Bon en route vers de nouvelles aventures. Cette charmante personne au demeurant, appartient à la catégorie de ceux qui considèrent l'introduction de l'informatique dans leur quotidien comme une calamité. L'espèce de truc ronronnant qu'on lui a posé sur son bureau est pour elle, visiblement habité par un esprit hostile et rebelle à toute collaboration avec le genre humain. Elle a bien essayé de l'apprivoiser en le banalisant, en installant un pot de fleurs sur le boîtier et la photo de ses gosses sur l'écran, mais rien n'y fait, habité d'une vie propre il s'ingénie à lui pourrir l'existence.
Elle serait je crois soulagée, si je suspendais des gousses d'ail et des crucifix au plafond et apsergeait sa machine d'eau bénite, c'est le côté chaman de la profession.
A la vingtième tentative je réussis à charger son document sans déclencher l'infâmant message de vacances pour cause de non-conformité des opérations effectuées par l'application, il s'agissait d'un tableau coupé par un saut de section, quelque chose de tellement grave selon Microsoft que cela méritait un plantage radical. Peut-être qu'une destruction totale de la machine aurait été plus appropriée, je les trouve un peu laxistes ces temps-ci. Problème corrigé. Au suivant.
Mardi 15 heures
De suivant il n'y en eu point ce jour là, je terminais ma journée tranquillement entre deux reboot de serveur NT, et mes travaux sur la reconversion d'un Vax en calculette.J'en étais à la soustraction et je ne désespérais pas d'arriver à la division à l'horizon 2005. J'aurai certainement besoin de 512 mégas de mémoire vive supplémentaire pour l'implémenter, c'est le directeur financier qui va encore râler.

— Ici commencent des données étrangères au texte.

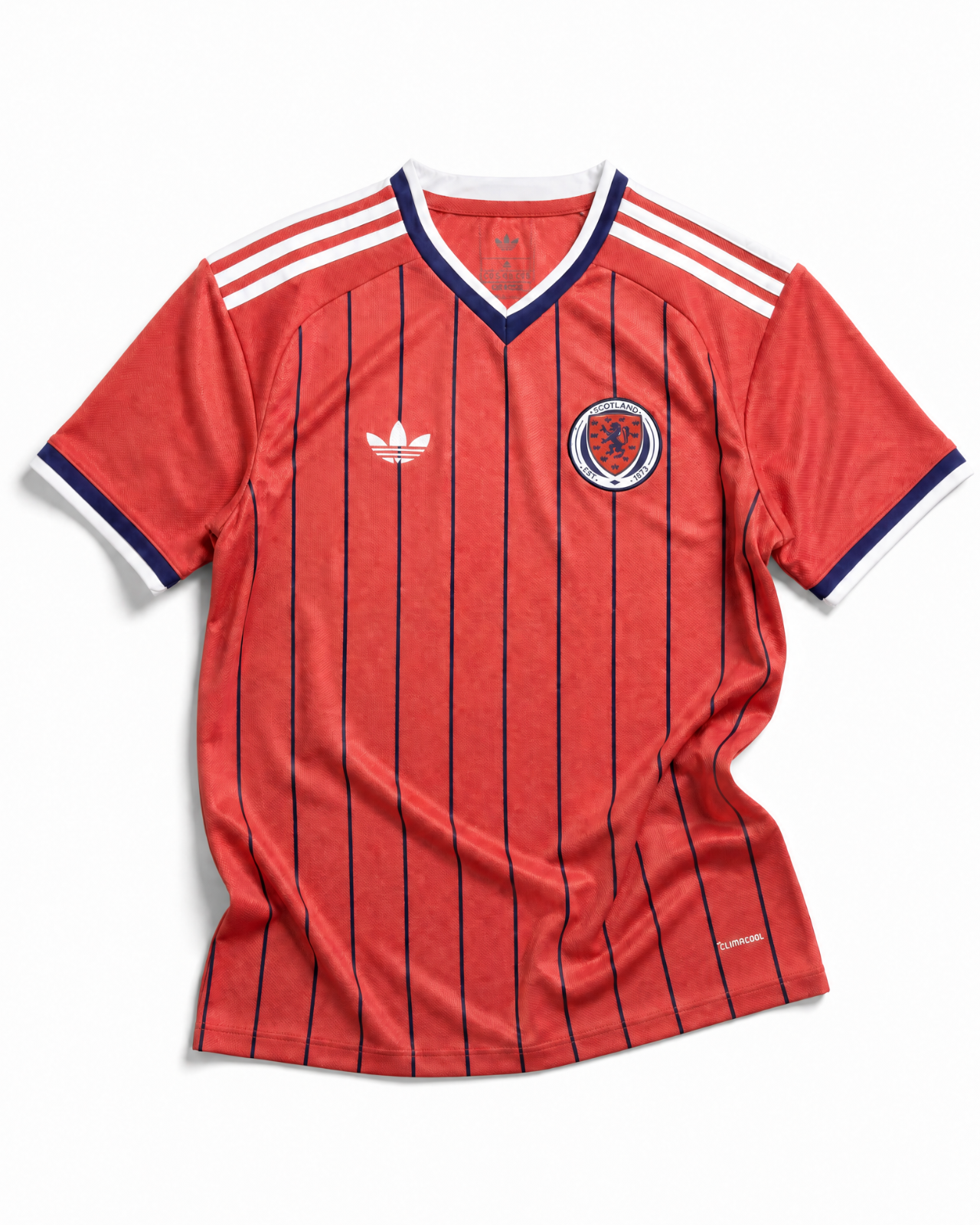 Maglia Scozia Away 2026 World Cup vista frontale design scuro pattern scozzese moderno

C'est une certitude demain amènera son nouveau lot de victimes. Si tous ces gens savaient qu'au fond je ne maîtrise guère plus qu'eux tout cela, que le métier est de bien peu de secours quand Word ou Excel ou que sais-je se bauge lamentablement, que le temps ou une entreprise vivait sur des applications maisons est définitivement révolu.
Bah je fais comme si je dominais, c'est ce qu'ils attendent de moi, c'est le côté charlatan du métier. Et puis ils ont au moins quelqu'un d'identifié à engueuler.
Quant à moi je m'endors tous les soirs en rêvant aux tortures que je ferais subir à Bill Gates s'il venait à me tomber sous la main. C'est le côté psychopathe du métier.